Curfew-like restrictions imposed in Srinagar to foil separatists' march
Media reports said coils of razor fitted concertina wire were placed on main roads and traffic intersections here by the security forces
In view of the separatist-called protest march, Jammu and Kashmir authorities on Friday imposed curfew-like restriction in Srinagar and other parts of Kashmir Valley to foil the rally.
In order to foil the sit-in and protest march, contingents of police and Central Reserve Police Force (CRPF) in full riot gear were deployed in both uptown and old city areas of Srinagar to impose curfew-like restrictions.
Media reports said coils of razor fitted concertina wire were placed on main roads and traffic intersections here by the security forces.
Authorities have ordered restriction on both pedestrian and vehicular movements, except in city outskirts where some private vehicles were seen moving in the morning.
Separatists camp have asked people to march to the state Rajbhavan in the high security Chashma shahi area here as part of their resistance calendar.
Despite all the separatist leaders having being placed under detention since July 9 when the present unrest started in Jammu and Kashmir, separatists have been continuing the protests and shutdowns through weekly calendars mailed to the media.

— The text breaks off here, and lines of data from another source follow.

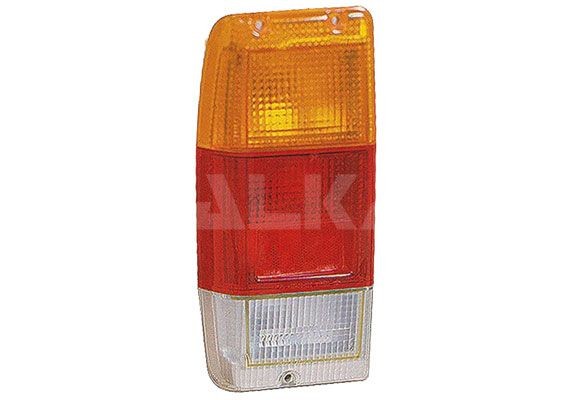 ALKAR 2011961 Rückleuchte links, mit Lampenträger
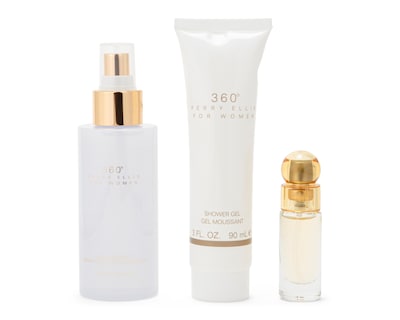 Foto 3 | Estuche para Mujer Perry Ellis 360° 4 Piezas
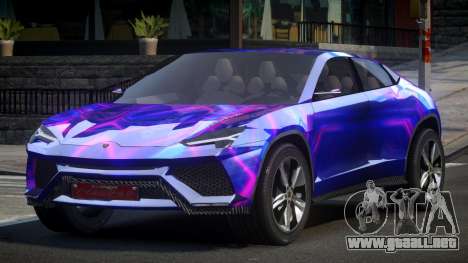 Lamborghini Urus RS L4 para GTA 4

Authorities have been taking no chance to ensure that Friday prayers pass-off peacefully.
Normal life has been affected badly in Jammu and Kashmir since the killing of Hizbul Mujahideen commander Burhan Wani in an encounter with security forces on July 8. During the last 97 days of ongoing violence, post Friday prayer protests have been taking place across the Valley. At least 91 people have been killed and over 12,000 injured in the over three months of unrest.
Meanwhile, initial police investigations hint that one attacker of the three-day-long Pampore gunfight, was a Pakistani national and active in south Kashmir’s Pulwama for the past five months, reports The Tribune.Police sources said one of the slain militants was operating under the code name Abu Maaz. “Most probably the second militant is Abu Waleed, also a Pakistani, but we are trying to ascertain his identity,” its source was quoted as saying in the report.